A Brief Bibliographic Review on Euler Neural Networks
Paulo Marcelo Tasinaffo*, Gildarcio Sousa Goncalves, Gabriel Adriano de Melo, Luiz Alberto Vieira Dias and Adilson Marques da Cunha
Computer Science Division, Aeronautics Institute of Technology, Brazil
Submission:April 19, 2019; Published:April 29, 2019
*Corresponding author: Paulo Marcelo Tasinaffo, Aeronautics Institute of Technology, Brazil
How to cite this article: Paulo Marcelo Tasinaffo, Gildarcio Sousa Goncalves, Gabriel Adriano de Melo, Luiz Alberto Vieira Dias, Adilson Marques da Cunha. A Brief Bibliographic Review on Euler Neural Networks. Robot Autom Eng J. 2019; 4(3): 555636. DOI: 10.19080/RAEJ.2019.04.555636
Abstract
Euler Neural Networks are used exclusively for modeling non-linear dynamic systems, with application in control theory. These networks work coupled to the first order integrator of the Euler type. The Euler integrator was initially proposed by the mathematician Leonhard Paul Euler (1707-1783) in 1768. However, it is common knowledge that this type of numerical integrator is used with functions of instantaneous derivatives and its numerical precision is unsatisfactory. On the other hand, when this type of integrator is coupled with universal function approximators (e.g., artificial neural networks, Mamdani- Type fuzzy inference systems, etc.) its accuracy can be improved. The reason for this is that the artificial neural network, because it is a universal function approximator, it can learn the mean derivatives functions of the dynamic system considered, instead of instantaneous function derivatives. This small change makes the precision of the Euler integrator with mean derivatives equivalent to a Runge-Kutta of any order. The only drawback of the Euler Integrator, designed with mean derivatives is that it has a fixed step, while the Euler integrator designed with instantaneous derivatives is of varying step. In the literature, when coupled with a numerical integrator with a universal function approximator, such structures are known as universal numerical integrators. This article proposes to make a rather brief description of Euler Neural Networks coupled with a literature revision, to spread its use in the scientific community, since this structure of neural model structure is little known.

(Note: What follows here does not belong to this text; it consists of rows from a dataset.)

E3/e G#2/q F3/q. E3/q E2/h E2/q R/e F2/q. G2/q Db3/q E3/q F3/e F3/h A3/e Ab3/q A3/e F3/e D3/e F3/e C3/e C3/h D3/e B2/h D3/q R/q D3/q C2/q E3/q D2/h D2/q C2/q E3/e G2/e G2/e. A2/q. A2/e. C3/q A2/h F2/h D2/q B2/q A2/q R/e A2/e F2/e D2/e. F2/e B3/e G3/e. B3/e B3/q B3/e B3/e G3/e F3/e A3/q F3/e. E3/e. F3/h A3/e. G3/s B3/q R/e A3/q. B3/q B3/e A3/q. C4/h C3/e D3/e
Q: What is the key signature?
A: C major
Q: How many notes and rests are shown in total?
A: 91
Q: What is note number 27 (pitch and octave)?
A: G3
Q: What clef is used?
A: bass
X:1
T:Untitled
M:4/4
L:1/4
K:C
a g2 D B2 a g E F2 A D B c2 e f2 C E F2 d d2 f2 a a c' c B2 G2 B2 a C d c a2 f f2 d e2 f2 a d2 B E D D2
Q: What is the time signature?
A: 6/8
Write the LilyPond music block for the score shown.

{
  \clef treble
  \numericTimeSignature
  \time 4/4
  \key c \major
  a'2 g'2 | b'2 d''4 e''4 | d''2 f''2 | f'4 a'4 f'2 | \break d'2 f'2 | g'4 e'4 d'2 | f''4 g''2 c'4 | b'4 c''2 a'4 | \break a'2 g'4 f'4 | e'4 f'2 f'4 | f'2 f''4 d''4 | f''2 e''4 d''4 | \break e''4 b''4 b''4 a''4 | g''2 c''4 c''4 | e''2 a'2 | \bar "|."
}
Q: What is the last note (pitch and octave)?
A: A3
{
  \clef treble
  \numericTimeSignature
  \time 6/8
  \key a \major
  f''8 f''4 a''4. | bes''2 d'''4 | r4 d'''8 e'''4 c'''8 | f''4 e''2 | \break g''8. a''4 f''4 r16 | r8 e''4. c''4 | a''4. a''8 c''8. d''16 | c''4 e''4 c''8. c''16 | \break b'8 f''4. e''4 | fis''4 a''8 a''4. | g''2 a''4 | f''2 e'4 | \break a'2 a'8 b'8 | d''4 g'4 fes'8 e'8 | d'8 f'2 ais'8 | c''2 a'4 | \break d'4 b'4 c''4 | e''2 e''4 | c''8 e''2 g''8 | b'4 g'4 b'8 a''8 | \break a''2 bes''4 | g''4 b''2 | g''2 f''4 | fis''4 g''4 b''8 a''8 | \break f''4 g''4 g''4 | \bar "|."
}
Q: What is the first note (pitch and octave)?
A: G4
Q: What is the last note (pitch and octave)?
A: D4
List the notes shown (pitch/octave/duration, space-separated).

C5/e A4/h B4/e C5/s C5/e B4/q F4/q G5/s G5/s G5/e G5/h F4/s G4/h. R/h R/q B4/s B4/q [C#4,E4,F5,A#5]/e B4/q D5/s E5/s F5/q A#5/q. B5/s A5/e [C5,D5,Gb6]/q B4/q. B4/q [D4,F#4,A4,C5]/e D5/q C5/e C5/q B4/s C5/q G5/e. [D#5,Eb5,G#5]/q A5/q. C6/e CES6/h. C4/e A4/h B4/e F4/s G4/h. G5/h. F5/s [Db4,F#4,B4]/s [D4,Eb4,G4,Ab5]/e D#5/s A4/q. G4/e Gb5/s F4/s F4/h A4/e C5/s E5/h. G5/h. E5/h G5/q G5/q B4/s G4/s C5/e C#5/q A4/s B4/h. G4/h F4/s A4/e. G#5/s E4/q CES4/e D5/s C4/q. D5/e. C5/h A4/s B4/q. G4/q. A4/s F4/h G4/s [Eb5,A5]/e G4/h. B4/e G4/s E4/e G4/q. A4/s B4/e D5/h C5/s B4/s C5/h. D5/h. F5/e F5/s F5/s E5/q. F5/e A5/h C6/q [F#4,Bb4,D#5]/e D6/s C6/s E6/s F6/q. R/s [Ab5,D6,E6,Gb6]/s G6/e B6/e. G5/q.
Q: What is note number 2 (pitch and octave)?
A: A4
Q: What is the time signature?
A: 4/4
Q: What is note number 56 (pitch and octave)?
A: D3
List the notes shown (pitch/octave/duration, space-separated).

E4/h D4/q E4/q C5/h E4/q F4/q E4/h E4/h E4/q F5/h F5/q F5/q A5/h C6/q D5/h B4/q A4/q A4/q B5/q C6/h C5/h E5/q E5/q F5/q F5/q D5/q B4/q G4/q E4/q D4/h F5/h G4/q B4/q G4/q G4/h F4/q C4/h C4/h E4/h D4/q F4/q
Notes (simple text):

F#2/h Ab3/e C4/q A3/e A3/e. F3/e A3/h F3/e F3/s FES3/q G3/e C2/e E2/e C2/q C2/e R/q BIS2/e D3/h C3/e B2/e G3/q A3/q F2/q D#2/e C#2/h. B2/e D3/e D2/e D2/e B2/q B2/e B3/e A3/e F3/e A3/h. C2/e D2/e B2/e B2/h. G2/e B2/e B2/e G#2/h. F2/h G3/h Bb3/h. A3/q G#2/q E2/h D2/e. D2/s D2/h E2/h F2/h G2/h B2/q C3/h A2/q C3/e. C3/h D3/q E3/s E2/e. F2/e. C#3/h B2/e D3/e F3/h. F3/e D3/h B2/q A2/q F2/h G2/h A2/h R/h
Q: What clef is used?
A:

Keywords: NARMAX methodology; Euler neural networks; Euler-type universal numerical integrators; Mean and instantaneous derivatives methodologies; Runge-kutta neural networks; Adams-bashforth neural networks
Introduction
In the last half of the eighteenth century the mathematicians Euler, Lagrange and Laplace contributed significantly to the development and study of differential equations. At that time these studies already included problems of Variational Calculus, Fluid Mechanics, Power Series, Celestial Mechanics, among others. The first numerical method to solve nonlinear ordinary differential equations was proposed by the mathematician Leonhard Euler in 1768, that is, the Euler-type numerical integrators of first order. In 1908, German mathematicians Runge and Kutta developed the fourth-order numerical integrators, which are able to numerically solve the nonlinear ordinary differential equations in a much more precise way than the first integrator proposed by Euler [1-3].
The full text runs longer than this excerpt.